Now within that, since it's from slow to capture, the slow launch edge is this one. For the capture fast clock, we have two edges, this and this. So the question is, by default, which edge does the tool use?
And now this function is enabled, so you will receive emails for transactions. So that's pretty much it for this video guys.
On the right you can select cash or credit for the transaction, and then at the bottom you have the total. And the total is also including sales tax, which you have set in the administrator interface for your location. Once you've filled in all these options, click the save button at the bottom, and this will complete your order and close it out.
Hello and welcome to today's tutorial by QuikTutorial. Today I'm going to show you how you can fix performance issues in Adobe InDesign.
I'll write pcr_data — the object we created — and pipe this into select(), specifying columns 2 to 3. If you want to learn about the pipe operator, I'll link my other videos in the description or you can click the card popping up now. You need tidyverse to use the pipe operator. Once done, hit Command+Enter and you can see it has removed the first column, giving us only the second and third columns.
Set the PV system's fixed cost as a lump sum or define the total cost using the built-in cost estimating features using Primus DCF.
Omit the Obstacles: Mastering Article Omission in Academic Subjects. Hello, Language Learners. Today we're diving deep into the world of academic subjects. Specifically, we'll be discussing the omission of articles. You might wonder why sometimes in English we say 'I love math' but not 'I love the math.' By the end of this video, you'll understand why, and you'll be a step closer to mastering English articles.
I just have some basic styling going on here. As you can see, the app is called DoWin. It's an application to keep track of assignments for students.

******

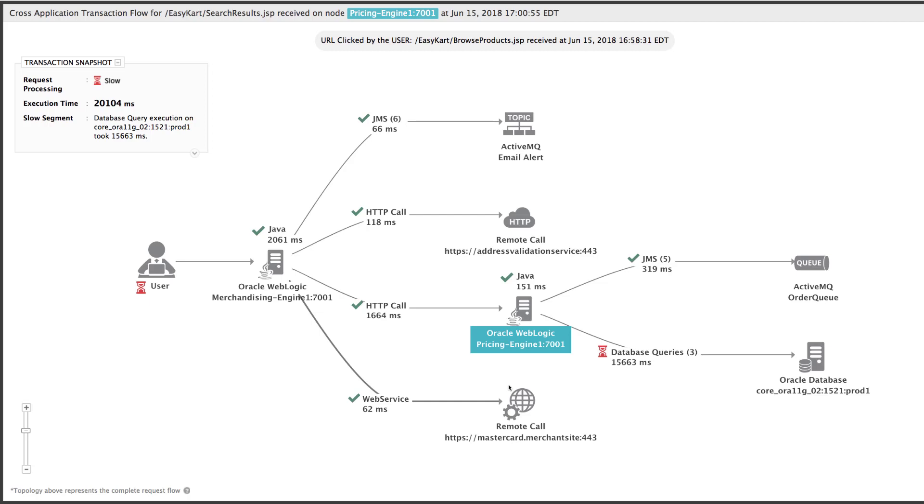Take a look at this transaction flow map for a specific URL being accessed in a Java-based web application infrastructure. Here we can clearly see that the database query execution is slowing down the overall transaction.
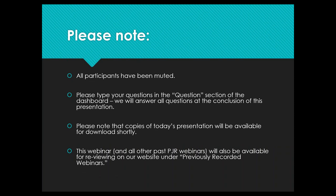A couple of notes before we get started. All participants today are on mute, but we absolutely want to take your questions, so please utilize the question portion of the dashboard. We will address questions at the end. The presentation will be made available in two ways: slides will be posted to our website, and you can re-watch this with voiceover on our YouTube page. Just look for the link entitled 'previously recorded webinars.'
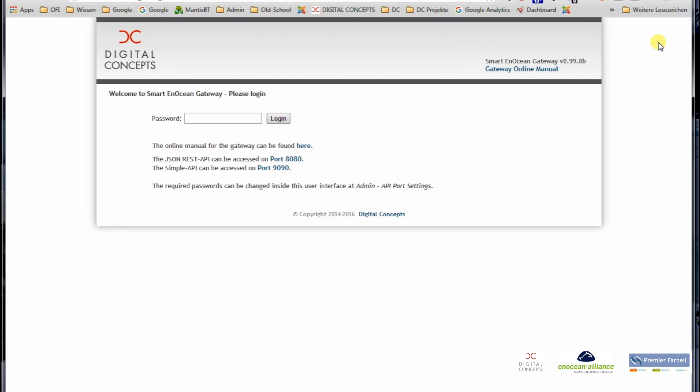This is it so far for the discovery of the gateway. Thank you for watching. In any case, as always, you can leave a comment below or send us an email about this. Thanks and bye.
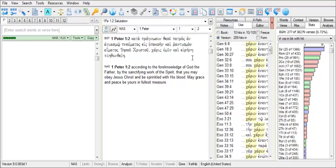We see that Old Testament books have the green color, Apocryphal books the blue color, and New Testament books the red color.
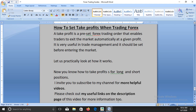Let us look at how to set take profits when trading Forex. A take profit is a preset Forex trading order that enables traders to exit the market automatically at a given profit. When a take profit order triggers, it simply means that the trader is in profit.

******

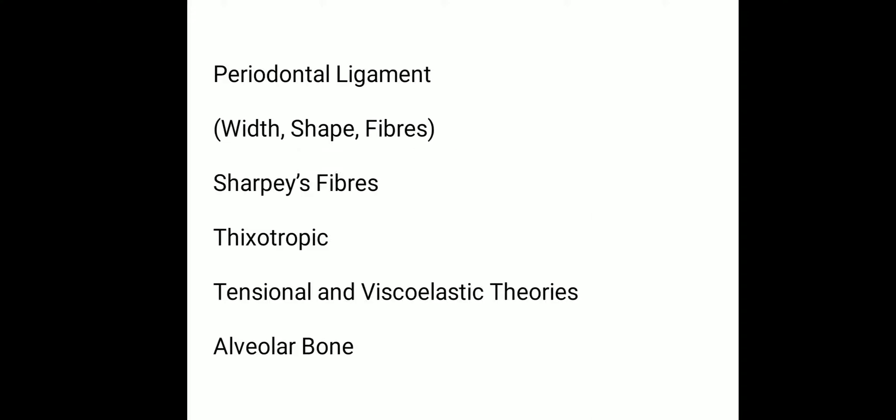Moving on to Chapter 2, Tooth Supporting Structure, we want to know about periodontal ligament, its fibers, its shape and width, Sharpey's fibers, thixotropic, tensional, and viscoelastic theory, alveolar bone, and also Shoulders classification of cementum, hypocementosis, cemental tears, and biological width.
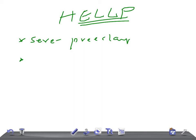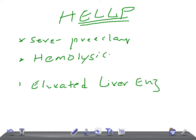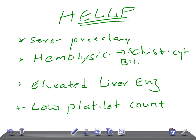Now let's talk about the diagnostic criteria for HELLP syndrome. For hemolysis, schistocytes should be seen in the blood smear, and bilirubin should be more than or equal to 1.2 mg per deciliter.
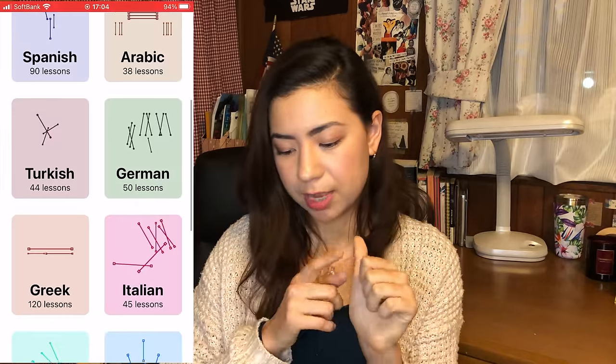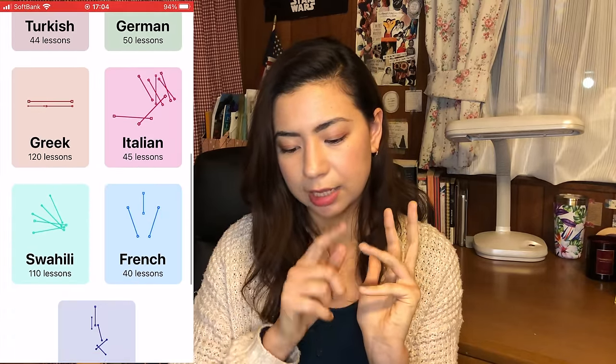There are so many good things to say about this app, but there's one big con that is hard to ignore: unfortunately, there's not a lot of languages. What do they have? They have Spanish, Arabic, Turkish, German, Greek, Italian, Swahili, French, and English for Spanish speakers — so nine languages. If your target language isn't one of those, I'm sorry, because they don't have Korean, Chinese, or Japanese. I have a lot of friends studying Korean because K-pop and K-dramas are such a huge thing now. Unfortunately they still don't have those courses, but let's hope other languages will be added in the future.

******

Assignment
Go back to the lines above and output, exactly as they stand, the ones from the line containing "Take a look" to the line containing "This is it so". Leave all pictures behind.

Written solution
Take a look at this transaction flow map for a specific URL being accessed in a Java-based web application infrastructure. Here we can clearly see that the database query execution is slowing down the overall transaction.
A couple of notes before we get started. All participants today are on mute, but we absolutely want to take your questions, so please utilize the question portion of the dashboard. We will address questions at the end. The presentation will be made available in two ways: slides will be posted to our website, and you can re-watch this with voiceover on our YouTube page. Just look for the link entitled 'previously recorded webinars.'
This is it so far for the discovery of the gateway. Thank you for watching. In any case, as always, you can leave a comment below or send us an email about this. Thanks and bye.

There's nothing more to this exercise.